Впервые она назвала его по имени, и так ласково прозвучало в ее устах его имя, что Грудский в темноте повернулся к ней. Как-то всей душой отозвался на ласку.
- Да, не слова, хотя и они важны, - говорила Дина. - Главное понять и самому прочувствовать, тогда ты сможешь убедить других. Если бы не случай со спрятанным зерном, не то, что я сама его нашла и возмутилась, я не смогла бы сегодня так говорить с ребятами. Понимаешь, во мне самой произошло... это... главное...

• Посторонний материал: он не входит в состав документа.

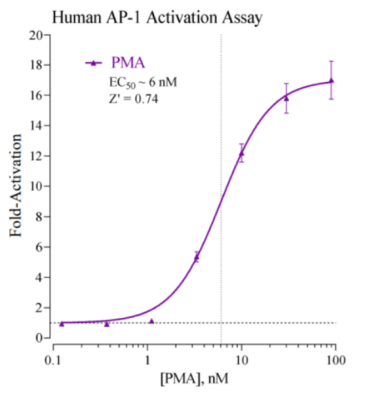 Cayman Chemical人活化蛋白-1报告物测定系统介绍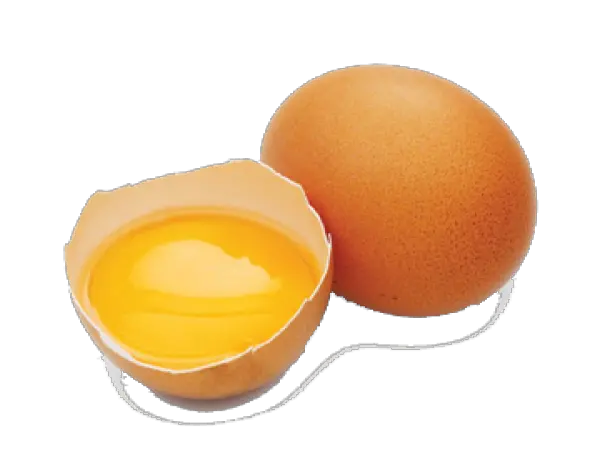 Cracked Png And Vectors For Free Cracked Egg Png Cracked Egg Png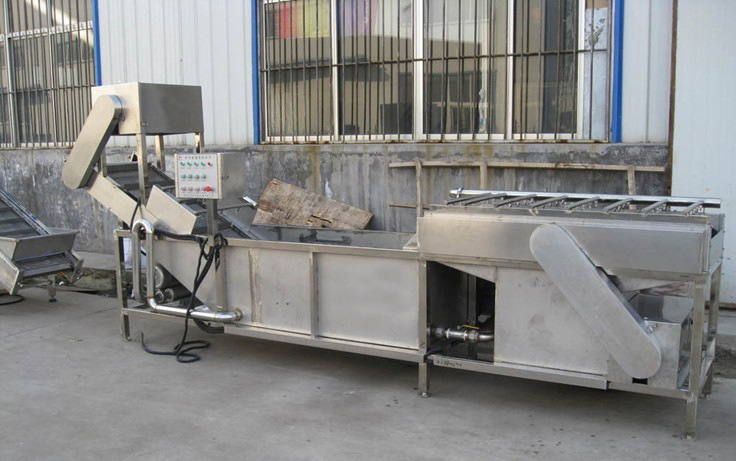 供应天翔果蔬清洗机   品质保证蔬菜水果清洗机 果蔬清洗机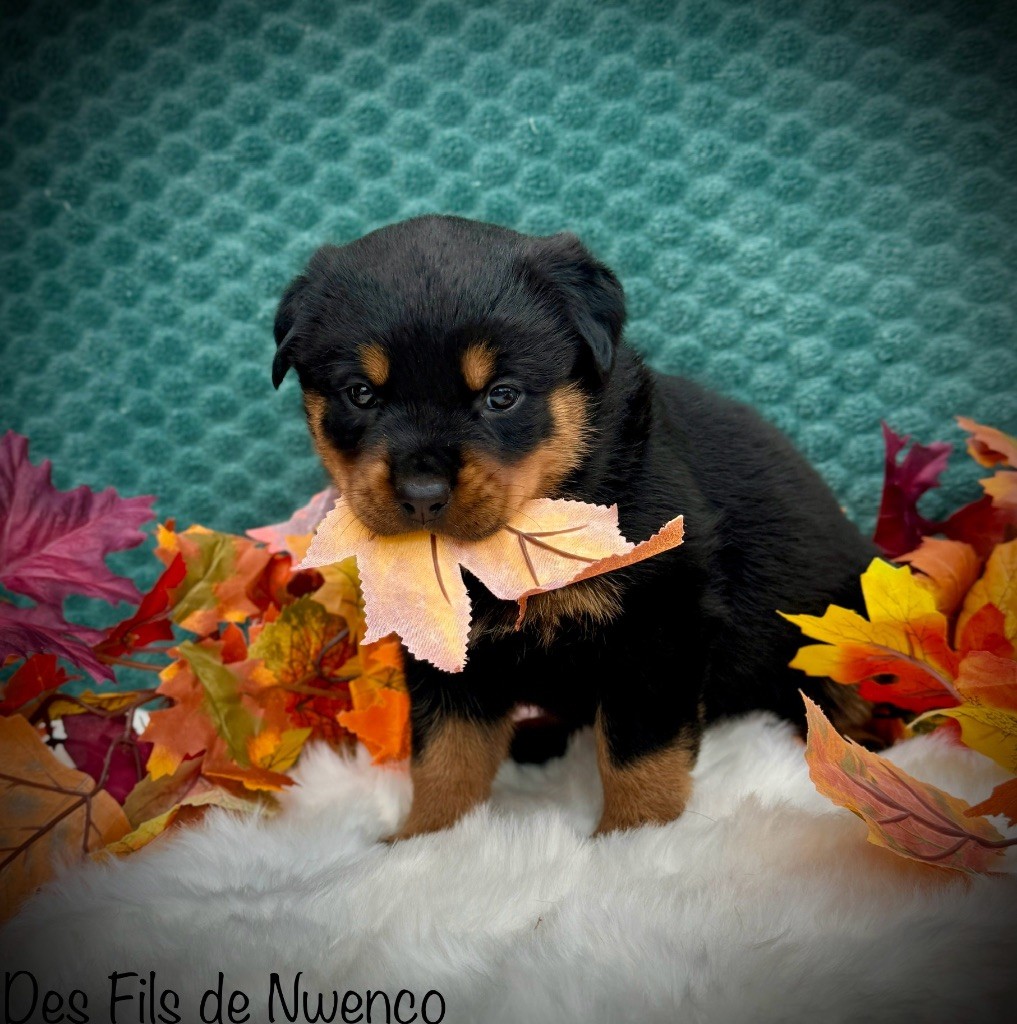 des fils de Nwenco - Chiot disponible  - Rottweiler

- Да, пропагандист должен быть убежденным!
- И не только пропагандист, каждый комсомолец!
- Но, Дина, как же не быть убежденным, если наше дело самое справедливое в мире, если наши идеи - самые передовые? Знаешь, я часто перечитываю "Коммунистический манифест" Карла Маркса! С каким вдохновением он написан! Ты читала?
- Нет, - призналась Дина, - я только знаю первую фразу: "Призрак бродит по Европе - призрак коммунизма".
- Прочти обязательно весь "Манифест", и ты поймешь, что мы с тобой самые счастливые люди на земле! Мы строим коммунизм. Ты понимаешь это? - Он остановился, и Дина тоже остановилась.
Дина не различала лица Грудского, но его волнение передалось ей. В этот момент она тоже почувствовала себя счастливой и гордой.
Над их головами шумел лес. Скрипела старая сосна с изъеденным стволом, шуршала жесткая листва могучих дубов, качались березки, даже бузина встревожилась. Что-то назревало вокруг, какие-то перемены предвещал внезапный ветер.
Но влажное его дыхание не коснулось наших путников, и они продолжали идти рядом по лесной тропе. Им нужно было очень многое сказать друг другу. Так много, как бывает, когда встречаются близкие люди после долгой разлуки.
В лицо им ударил свежий ветер, он ворвался в прогал леса, закружил опавший лист, немного пробежал и запутался в густой темноте. Повеяло влагой... Тропинка кончилась, и они вышли на дорогу. Здесь было светлей, чем в лесу.
- Ты никогда не замечала, что здесь небо очень темное? - спросил Грудский Дину. - Гляди, ни луны, ни звездочки.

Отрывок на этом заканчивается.